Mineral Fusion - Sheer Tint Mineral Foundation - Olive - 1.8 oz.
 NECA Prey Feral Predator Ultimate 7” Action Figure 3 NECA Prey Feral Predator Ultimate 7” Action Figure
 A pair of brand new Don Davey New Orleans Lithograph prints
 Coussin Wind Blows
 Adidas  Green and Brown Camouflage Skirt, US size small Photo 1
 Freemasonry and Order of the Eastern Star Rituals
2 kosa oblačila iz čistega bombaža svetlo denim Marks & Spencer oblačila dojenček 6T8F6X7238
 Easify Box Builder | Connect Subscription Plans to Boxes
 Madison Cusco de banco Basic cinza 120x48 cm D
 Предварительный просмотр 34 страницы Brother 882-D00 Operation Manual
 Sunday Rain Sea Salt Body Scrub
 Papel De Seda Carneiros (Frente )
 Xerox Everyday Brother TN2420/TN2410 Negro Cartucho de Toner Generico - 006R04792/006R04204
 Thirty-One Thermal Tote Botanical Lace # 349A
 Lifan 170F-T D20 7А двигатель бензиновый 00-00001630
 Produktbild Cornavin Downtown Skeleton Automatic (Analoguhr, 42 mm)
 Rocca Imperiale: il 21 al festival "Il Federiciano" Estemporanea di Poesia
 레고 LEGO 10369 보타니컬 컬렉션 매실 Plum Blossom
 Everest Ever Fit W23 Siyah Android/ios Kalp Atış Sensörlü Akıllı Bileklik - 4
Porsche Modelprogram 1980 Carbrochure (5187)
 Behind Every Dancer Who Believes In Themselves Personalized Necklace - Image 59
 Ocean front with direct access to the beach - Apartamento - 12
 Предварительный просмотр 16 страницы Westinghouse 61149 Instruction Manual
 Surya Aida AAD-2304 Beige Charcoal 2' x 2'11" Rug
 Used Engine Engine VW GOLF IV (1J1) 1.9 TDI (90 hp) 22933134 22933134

◇ ◇ ◇

→ **How to complete this task**
Start at the first line of the entries and stop at the line that contains "Madison Cusco de". Repeat every line in that span exactly, and nothing beyond it.

→ **Reply to the exercise**
Mineral Fusion - Sheer Tint Mineral Foundation - Olive - 1.8 oz.
 NECA Prey Feral Predator Ultimate 7” Action Figure 3 NECA Prey Feral Predator Ultimate 7” Action Figure
 A pair of brand new Don Davey New Orleans Lithograph prints
 Coussin Wind Blows
 Adidas  Green and Brown Camouflage Skirt, US size small Photo 1
 Freemasonry and Order of the Eastern Star Rituals
2 kosa oblačila iz čistega bombaža svetlo denim Marks & Spencer oblačila dojenček 6T8F6X7238
 Easify Box Builder | Connect Subscription Plans to Boxes
 Madison Cusco de banco Basic cinza 120x48 cm D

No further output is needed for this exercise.